2018-01-03 14:51:56.734 [DEBUG] [ssage.ApplicationCommandMessageClass] - NODE 10: Incoming command class SENSOR_MULTILEVEL
2018-01-03 14:51:56.736 [DEBUG] [ss.ZWaveMultiLevelSensorCommandClass] - NODE 10: Received COMMAND_CLASS_SENSOR_MULTILEVEL command V5
2018-01-03 14:51:56.737 [DEBUG] [ss.ZWaveMultiLevelSensorCommandClass] - NODE 10: Sensor Multi Level REPORT received
2018-01-03 14:51:56.739 [DEBUG] [ss.ZWaveMultiLevelSensorCommandClass] - NODE 10: Sensor Type = Temperature(1), Scale = 1
2018-01-03 14:51:56.741 [DEBUG] [ss.ZWaveMultiLevelSensorCommandClass] - NODE 10: Sensor Value = 515
2018-01-03 14:51:56.743 [DEBUG] [ve.internal.protocol.ZWaveController] - Notifying event listeners: ZWaveMultiLevelSensorValueEvent
2018-01-03 14:51:56.745 [DEBUG] [ding.zwave.handler.ZWaveThingHandler] - NODE 10: Got an event from Z-Wave network: ZWaveMultiLevelSensorValueEvent
2018-01-03 14:51:56.747 [DEBUG] [ding.zwave.handler.ZWaveThingHandler] - NODE 10: Got a value event from Z-Wave network, endpoint = 0, command class = SENSOR_MULTILEVEL, value = 515
2018-01-03 14:51:56.750 [DEBUG] [erter.ZWaveMultiLevelSensorConverter] - NODE 10: Sensor is reporting scale 1, requiring conversion to 0. Value is now 515.
2018-01-03 14:51:56.752 [DEBUG] [converter.ZWaveCommandClassConverter] - Converted temperature from 515F to 268.3C
2018-01-03 14:51:56.754 [DEBUG] [ding.zwave.handler.ZWaveThingHandler] - NODE 10: Updating channel state zwave:device:controller:node10:sensor_temperature to 268.3 [DecimalType] 

Addditional to the excerpt above, I’ve attached the file here: https://hastebin.com/duputoxasi.cs

So, hand decoding the following message, which is the raw data from the message you posted above -:

2018-01-03 14:51:56.724 [DEBUG] [ve.internal.protocol.ZWaveController] - Process Message = 01 0C 00 04 00 0A 06 31 05 01 0A 02 03 C5 

The command definition is as follows -:
image

31 = command class (sensor multilevel)
05 = command (report)
01 = sensor type (temperature)
0A = size=2, scale=1 (degF), precision=0
0203 = value (515)

Converting 515 with precision 0 is still 515. Scale = 1 (F), converting this to C is 268.

So unless I missed something, it looks to me like the binding is correctly interpreting the data.
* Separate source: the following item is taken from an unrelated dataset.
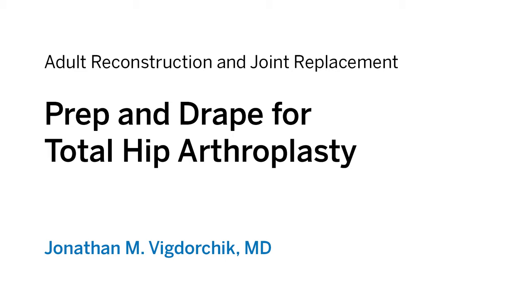Hi, I'm Dr. Jonathan Vigdorchik from Hospital for Special Surgery. Today we're going to show you how to prep and drape for total hip arthroplasty.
Either the sensor send the data incorrectly, or the message got corrupted somewhere. We can say that it was correctly passed from the controller to the binding as the checksum on the packet is ok.

Hi,

thanks for the great clarification. But now I still have the issue with these values. What could be the next step to find the issue? With the old version I never had something like that. I’m sure of that because the charts with the persisted data were readable. Now I have a long line with some spikes (these high and low values)

Thanks!

I would reset the device to see if it solves it. You could check to see if there is any correlation with polling as we’ve seen int the past bugs in some Aeon devices where polled responses are corrupt but unsolicited responses are ok (this wasn’t the case with the log you sent yesterday as I checked that).

This isn’t a binding issue, so it’s not version related.